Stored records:
====

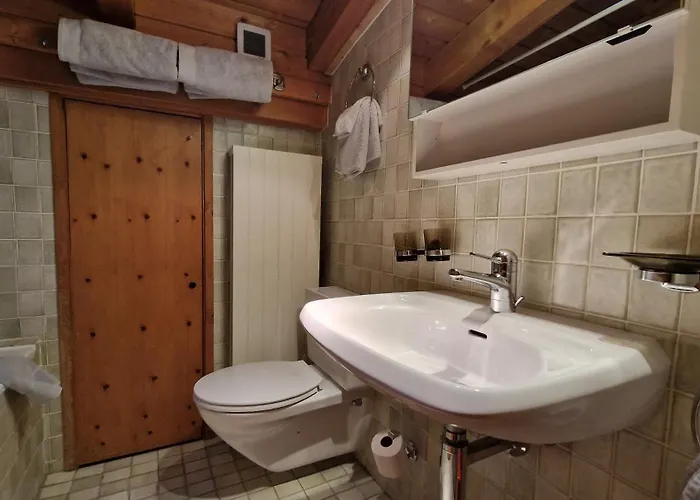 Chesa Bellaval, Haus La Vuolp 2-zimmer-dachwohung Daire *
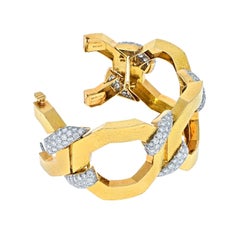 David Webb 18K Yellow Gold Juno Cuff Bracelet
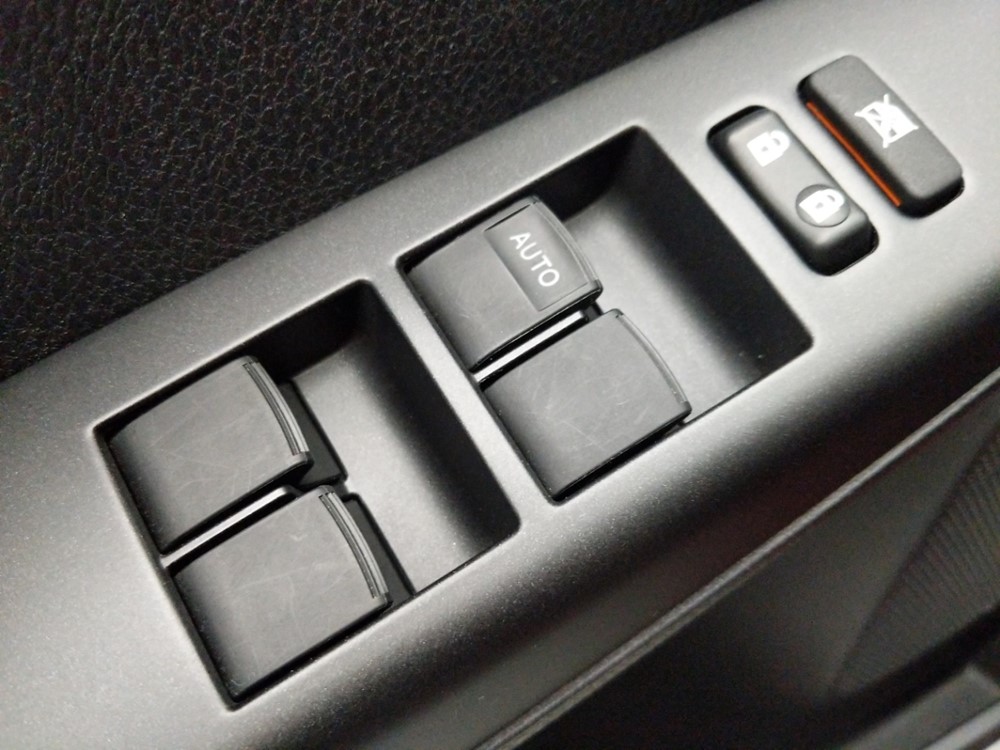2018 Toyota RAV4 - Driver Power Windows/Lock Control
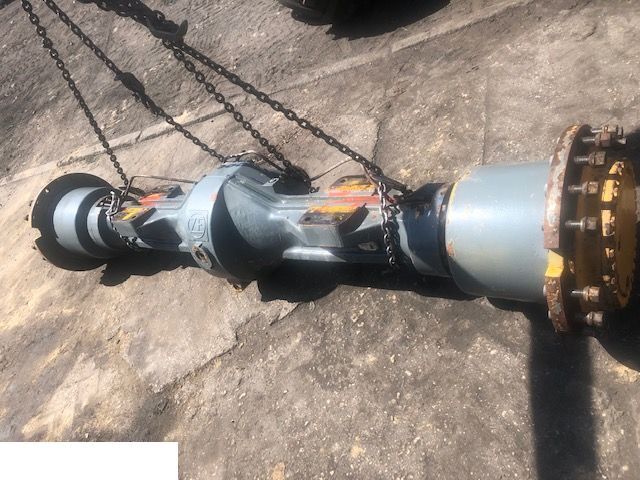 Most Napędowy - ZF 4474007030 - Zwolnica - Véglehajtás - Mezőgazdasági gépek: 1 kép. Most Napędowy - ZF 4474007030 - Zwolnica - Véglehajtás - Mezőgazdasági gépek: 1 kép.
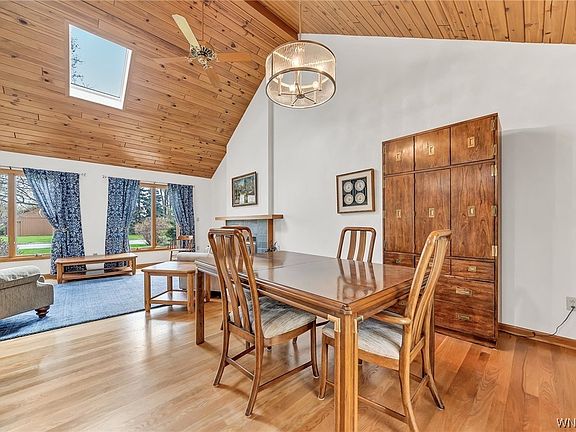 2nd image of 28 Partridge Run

====

- **Exercise description**:
Apart from the pictures, write every entry out again exactly.

- **Expected answer**:
 Chesa Bellaval, Haus La Vuolp 2-zimmer-dachwohung Daire *
 David Webb 18K Yellow Gold Juno Cuff Bracelet
2018 Toyota RAV4 - Driver Power Windows/Lock Control
 Most Napędowy - ZF 4474007030 - Zwolnica - Véglehajtás - Mezőgazdasági gépek: 1 kép. Most Napędowy - ZF 4474007030 - Zwolnica - Véglehajtás - Mezőgazdasági gépek: 1 kép.
 2nd image of 28 Partridge Run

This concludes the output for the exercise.